Success! Distributed Execution Time: 0.1234 seconds

In [None]:
%%writefile src/distributed/map_reduce_ops.py

import numpy as np
from concurrent.futures import ProcessPoolExecutor
import sys
import os

# Ensure the C++ library can be found by workers
sys.path.append("/content/drive/MyDrive/OmniScale-Optimizer/src/optimizer/cpp_core")
import fast_optimizer


def worker_task(chunk_data, warehouse_coords, caps):
    """The Map Step: Each worker processes a slice of the data."""
    assignments = fast_optimizer.fast_assign(chunk_data, warehouse_coords, caps)
    local_count = len(assignments)
    local_usage = np.bincount(assignments, minlength=len(warehouse_coords))
    
    return {
        "assignments": assignments,
        "usage": local_usage,
        "count": local_count
    }


def run_distributed_optimizer(df, warehouse_coords, caps, num_workers=4):
    """The Master Logic: Orchestrates the distribution and aggregation."""
    user_coords = df[['lat', 'lon']].values.astype(np.float64)
    chunks = np.array_split(user_coords, num_workers)
    
    results = []
    
    with ProcessPoolExecutor(max_workers=num_workers) as executor:
        futures = [executor.submit(worker_task, chunk, warehouse_coords, caps) for chunk in chunks]
        
        for future in futures:
            results.append(future.result())
            
    # The Reduce Step: Aggregate results from all workers
    total_usage = np.zeros(len(warehouse_coords))
    all_assignments = []
    
    for res in results:
        total_usage += res["usage"]
        all_assignments.extend(res["assignments"])
        
    return all_assignments, total_usage

### Running the Distributed Optimizer

This cell demonstrates the full distributed pipeline:
1. Load Data
2. Prepare Inputs
3. Execute MapReduce
4. Measure execution time

In [None]:
import pandas as pd
import numpy as np
import os

# 1. Reload the data
data_path = "/content/drive/MyDrive/OmniScale-Optimizer/data/processed/clean_data.csv"

# Error handling
if not os.path.exists(data_path):
    raise FileNotFoundError(f"Processed data not found: {data_path}. Please run Phase 2 first.")
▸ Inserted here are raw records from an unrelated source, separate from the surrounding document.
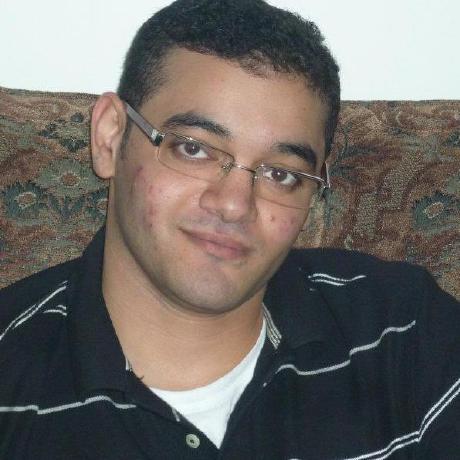 Ahmeedusamaa Ahmed Osama Github - Mountain Images - Creative Full HD Collection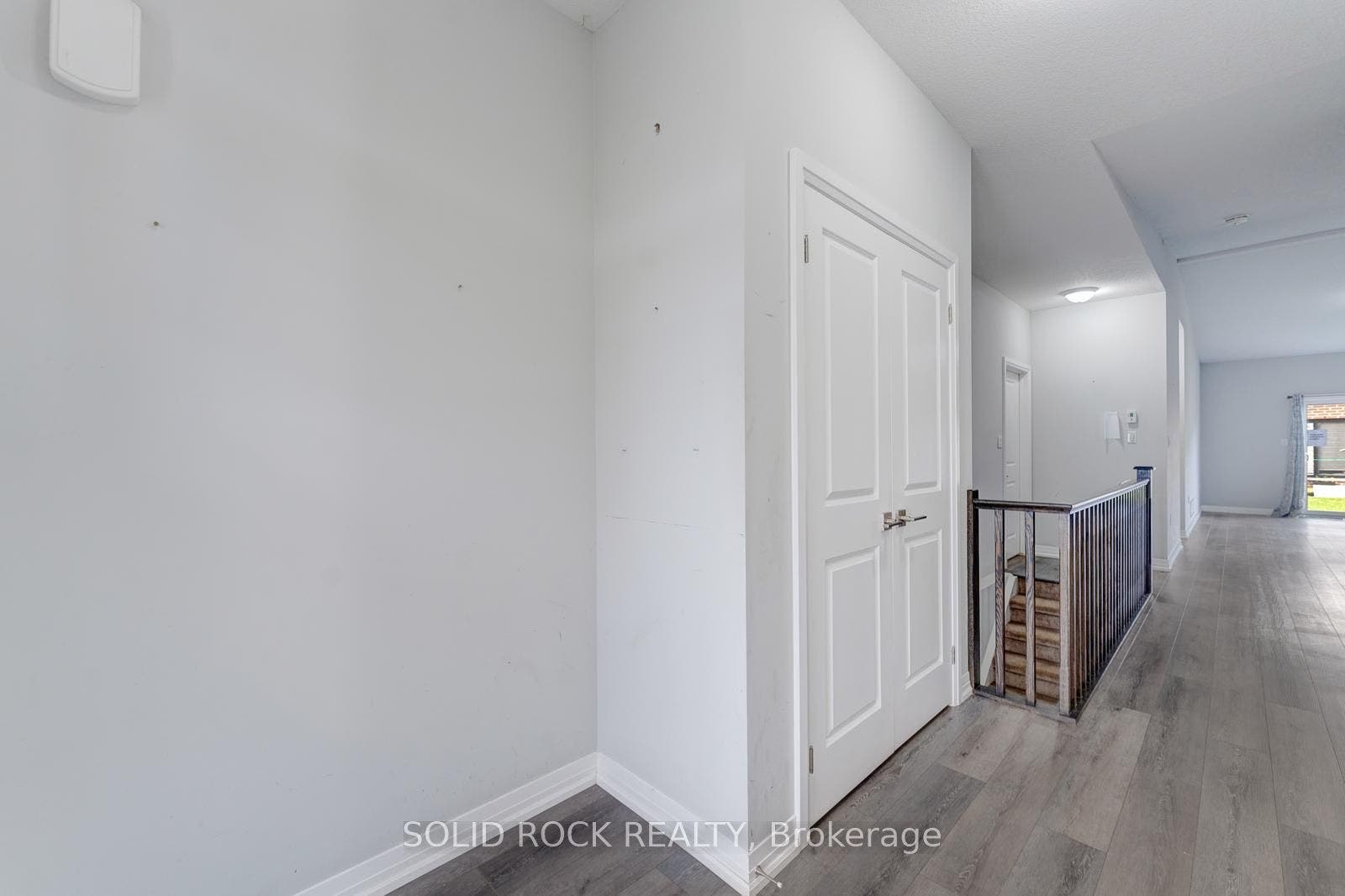550 Grey Street, #11, Brantford, Brantford ON N3S 0C4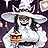 Witch of Gluttony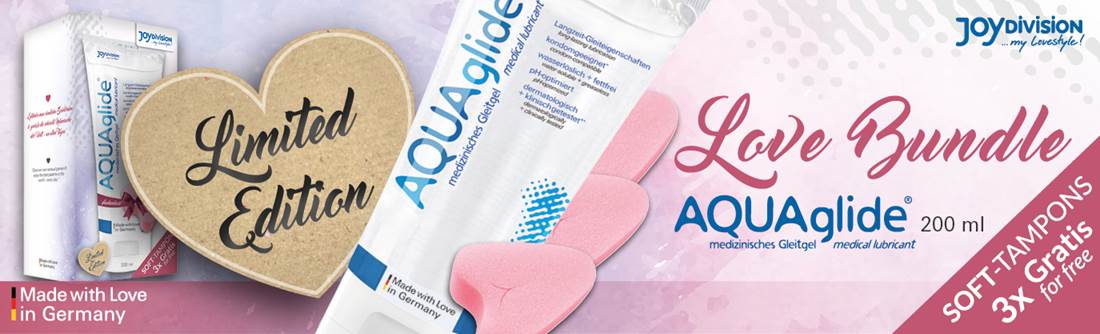 AquaGlide_LoveBundle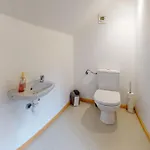沃邦科尔马尔公寓 *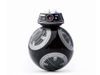 Sphero BB-9E App-Enabled...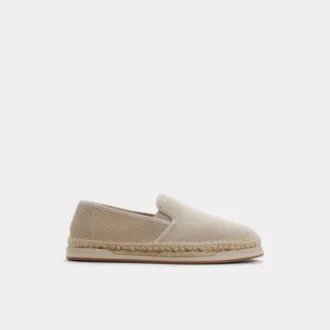 Espadrillas Johnney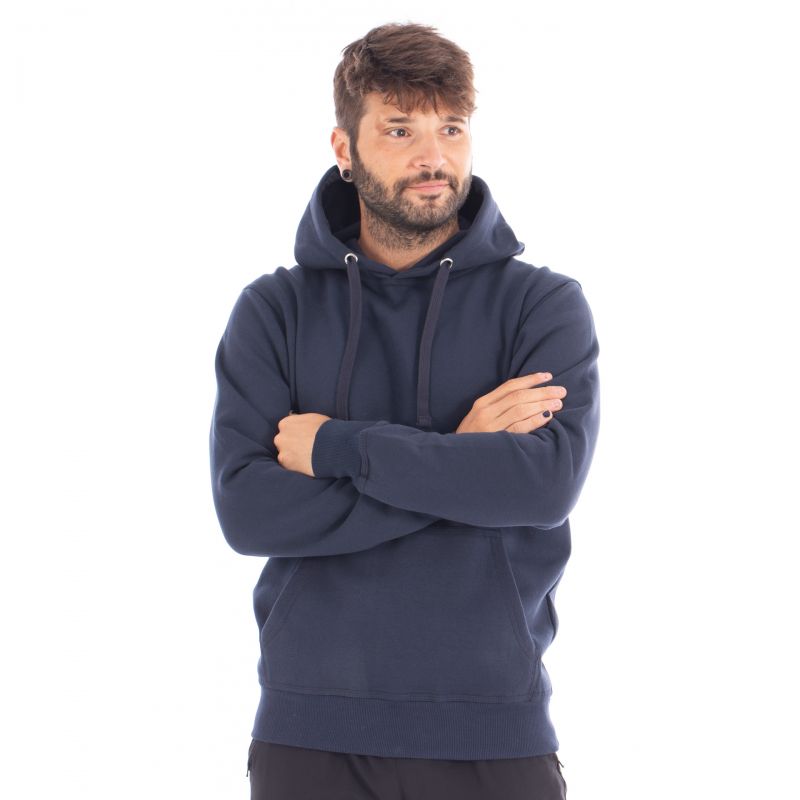 SUDADERA SOFTEE KELVIN ADULTO SUDADERA SOFTEE KELVIN ADULTO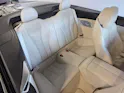BMW M850i xDrive Cabriolet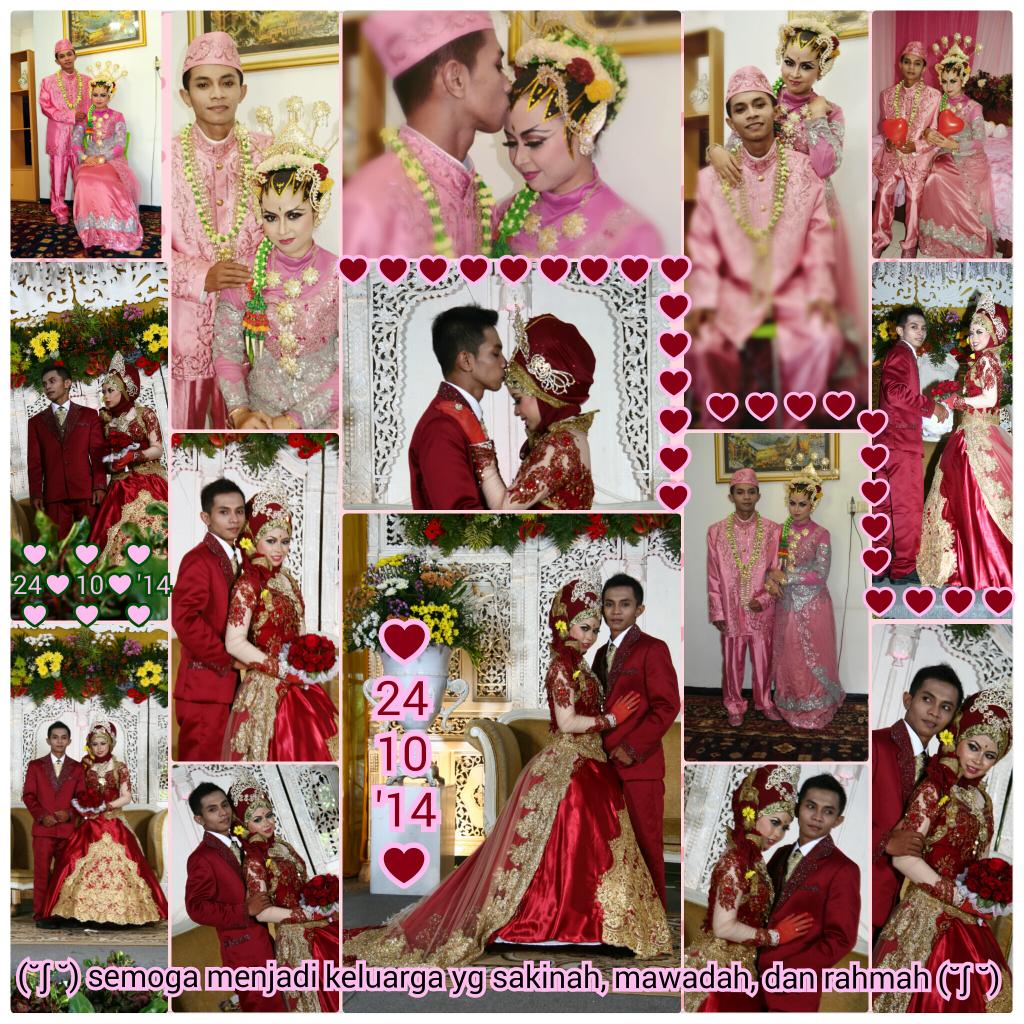 Mayenata♕Trisnawati tweet media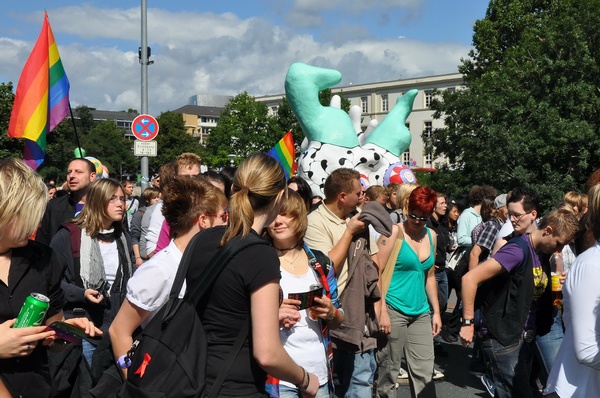 Street Day   081.jpg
df = pd.read_csv(data_path)
print(f"Data loaded: {len(df)} rows.")

# 2. Re-calculate warehouse locations
warehouse_locations = df.groupby('delivery_zone')[['lat', 'lon']].mean().values
num_warehouses = len(warehouse_locations)
total_orders = len(df)
capacity_per_warehouse = int((total_orders / num_warehouses) * 1.1) 
capacities = [capacity_per_warehouse] * num_warehouses

In [21]:
from src.distributed.map_reduce_ops import run_distributed_optimizer
import time

# Ensure inputs are correctly typed for C++
warehouse_coords = warehouse_locations.astype(np.float64)
caps = np.array(capacities).astype(np.int32)

print("Starting Distributed MapReduce Simulation...")
start = time.time()

# Use 2 workers to match Colab CPU count
dist_assignments, dist_usage = run_distributed_optimizer(
    df, 
    warehouse_coords, 
    caps, 
    num_workers=2
)


dist_time = time.time() - start
print(f"Success! Distributed Execution Time: {dist_time:.4f} seconds")
print(f"Total Orders: {len(dist_assignments)}")

ImportError: Python version mismatch: module was compiled for Python 3.10, but the interpreter version is incompatible: 3.12.12 (main, Oct 10 2025, 08:52:57) [GCC 11.4.0].

---

## Summary

This notebook demonstrated a complete OmniScale machine learning pipeline:

| Phase | Component | Technology | Output |
|-------|-----------|------------|--------|
| 1 | Data Parsing | Python Generators | Raw JSON stream |
| 2 | Feature Mining | K-Means++ | clean_data.csv |
| 3 | Recommender | PyTorch NCF | ncf_model.pth |
| 4 | Logistics | C++/OpenMP | fast_optimizer.so |
| 5 | Distributed | MapReduce | Parallel execution |

### Key Takeaways:

1. End-to-End ML: From raw data to deployed models
2. Hybrid Computing: Python plus C++ for best performance
3. Scalability: MapReduce enables handling millions of records
4. Real Data: Amazon reviews provide realistic dataset

### Files Generated:

- data/processed/clean_data.csv
- data/processed/ncf_model.pth
- data/processed/final_shipping_plan.csv
- src/optimizer/cpp_core/fast_optimizer.so

### Next Steps:

- Try the Demo Notebook for visualizations
- Experiment with hyperparameters
- Deploy to cloud for true distributed computing

---

Pipeline completed successfully! Run the cells in order from Phase 1 to Phase 5.